As Camry and Prius sales tumble, Toyota ramps up SUVs

- Mitchell Schnurman

The Toyota Camry has been the bestsellin­g car in the United States for 15 years. Yet last month, Toyota’s RAV4, a crossover sport utility vehicle, sold 329 more units nationwide.

It’s the second time this year that the RAV4 has topped the Camry in monthly sales, and the trend says a lot about the direction of the market and how the world’s most valuable automaker is adjusting.

Vehicle sales in the U.S. have been climbing steadily since the recession and set another record last year at about 17.5 million units. That growth has been driven by trucks and SUVs, recently at the expense of passenger cars.

So-called light trucks accounted for more than 60 per cent of U.S. sales last year, up from half in 2012. The shift continues to accelerate, with trucks and SUVs nearing 63 per cent of sales through the first four months of 2017.

This has played to the strength of General Motors, Ford and Fiat Chrysler, which have a stable of popular trucks and large SUVs. Low gasoline prices and high consumer confidence have stoked sales in the segment, and the models’ higher prices and margins are driving strong profits.
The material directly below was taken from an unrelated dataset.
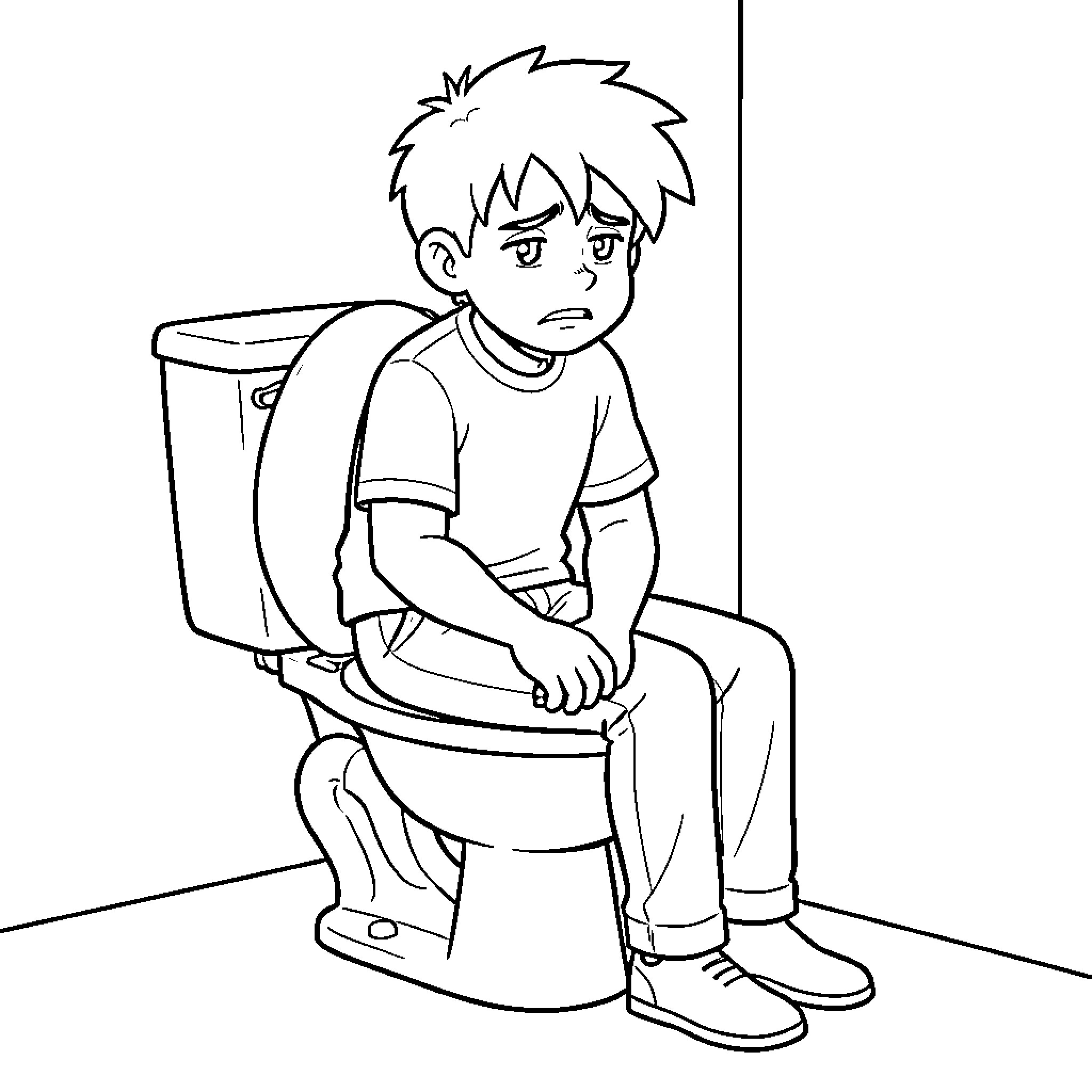 Chase sitting sadly on a toilet looking upset Coloring Page (free black-and-white line drawing printable PDF for all, from beginners to advanced learners, including children, teens, adults, and seniors)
The challenge for Toyota is to adjust its products for the new demand and to do so without giving away too much in incentives. Early last month, the industry’s average incentive was nearly $3,500 per vehicle, the highest ever for April, according to J.D. Power.

Toyota is best-known for cars, which outsold its light trucks in the U.S. in 2015. But last year, Camry sales fell 9.5 per cent. The Prius, which ushered in the hybrid era, had a 26 per cent decline in U.S. sales. Even the popular, economical Corolla, which managed to grow in 2016, has declining sales this year.

The high truck-to-car ratio is the new normal, said Bob Carter, executive vicepresid­ent of sales for Toyota North America. “And we believe it’s going higher,” Carter told the National Automobile Dealers Associatio­n last month.

At an auto forum in New York, Carter acknowledg­ed that dealers probably had too many cars on their lots. A year ago, when the trend was clear, Toyota’s manufactur­ing base was not set up, he said.

Toyota has adjusted the product mix, ramped up overtime hours for workers, and invested heavily to retool plants and make them more flexible, he said. Several years ago, Toyota expanded capacity in its plant in Woodstock, Ont., to boost RAV4 production by 50,000 units. In 2015, the automaker announced it will also build the RAV4 in Cambridge, starting in 2019, the same year production of the Corolla shifts to a new plant in Mexico.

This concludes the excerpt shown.